Ce phare existe depuis 1855, et l’on peut croire que ses feux ont sauvé bien des vies humaines durant ces quarante années.

M. Malouin est chargé de l’entretien du phare depuis 1877. Au pied de la tour est la maison où il réside, vaste et confortable demeure en briques blanches, dont l’ameublement ferait bonne figure dans l’un des quartiers les plus fashionables de nos villes. Et tout autour, plusieurs constructions de différents genres, remises, hangars, boutique, etc. ; jardins et prairies. Mais voyez comme tout cela est propre, et tenu dans un ordre merveilleux ! Il n’en faut pas davantage, sans doute, pour juger le maître de céans aussi favorablement qu’il le mérite.
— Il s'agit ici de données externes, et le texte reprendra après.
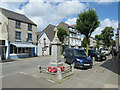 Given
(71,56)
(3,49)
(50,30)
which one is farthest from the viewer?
(50,30)

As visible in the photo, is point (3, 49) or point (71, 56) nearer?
point (71, 56)

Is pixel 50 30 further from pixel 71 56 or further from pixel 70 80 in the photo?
pixel 70 80

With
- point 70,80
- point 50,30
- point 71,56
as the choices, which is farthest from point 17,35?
point 70,80

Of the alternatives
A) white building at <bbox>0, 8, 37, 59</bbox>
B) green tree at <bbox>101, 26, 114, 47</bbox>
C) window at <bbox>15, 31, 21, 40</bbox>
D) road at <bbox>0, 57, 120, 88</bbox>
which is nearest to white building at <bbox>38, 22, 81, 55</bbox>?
white building at <bbox>0, 8, 37, 59</bbox>

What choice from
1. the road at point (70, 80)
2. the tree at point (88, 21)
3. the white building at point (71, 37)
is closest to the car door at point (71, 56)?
the road at point (70, 80)

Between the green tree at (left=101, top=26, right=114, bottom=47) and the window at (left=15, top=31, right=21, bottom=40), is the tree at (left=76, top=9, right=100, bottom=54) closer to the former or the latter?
the window at (left=15, top=31, right=21, bottom=40)

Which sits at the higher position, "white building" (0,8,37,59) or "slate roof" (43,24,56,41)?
"slate roof" (43,24,56,41)

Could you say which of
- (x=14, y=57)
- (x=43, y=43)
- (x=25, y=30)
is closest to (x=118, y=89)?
(x=14, y=57)

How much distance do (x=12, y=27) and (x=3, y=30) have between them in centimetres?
173

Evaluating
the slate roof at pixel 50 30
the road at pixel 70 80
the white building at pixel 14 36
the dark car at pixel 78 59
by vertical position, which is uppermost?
the slate roof at pixel 50 30

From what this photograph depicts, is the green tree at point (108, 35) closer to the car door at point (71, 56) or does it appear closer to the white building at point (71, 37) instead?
the white building at point (71, 37)

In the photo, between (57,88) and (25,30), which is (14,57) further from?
(57,88)

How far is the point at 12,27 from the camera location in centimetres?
2061

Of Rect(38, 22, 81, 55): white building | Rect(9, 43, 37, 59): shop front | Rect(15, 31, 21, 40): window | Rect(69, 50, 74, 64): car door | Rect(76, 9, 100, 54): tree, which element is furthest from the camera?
Rect(38, 22, 81, 55): white building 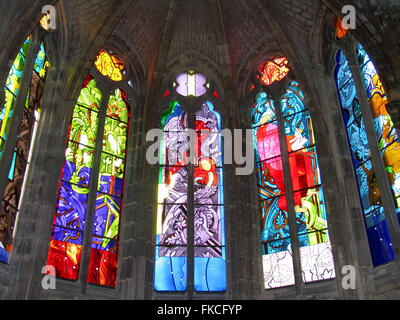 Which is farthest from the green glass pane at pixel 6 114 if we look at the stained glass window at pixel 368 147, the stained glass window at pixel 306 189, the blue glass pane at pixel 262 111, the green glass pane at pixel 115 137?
the stained glass window at pixel 368 147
M. Malouin me dit que, vers 1875, le prof. Macoun, de la Commission géologique du Canada, a fait le tour de l’île d’Anticosti ; lorsque le savant naturaliste passa à la Pointe-Ouest, le gardien du phare lui fit don d’une petite tortue de cinq pouces de longueur, trouvée vivante sur le rivage. Voilà toujours un détail intéressant pour l’histoire naturelle de l’île !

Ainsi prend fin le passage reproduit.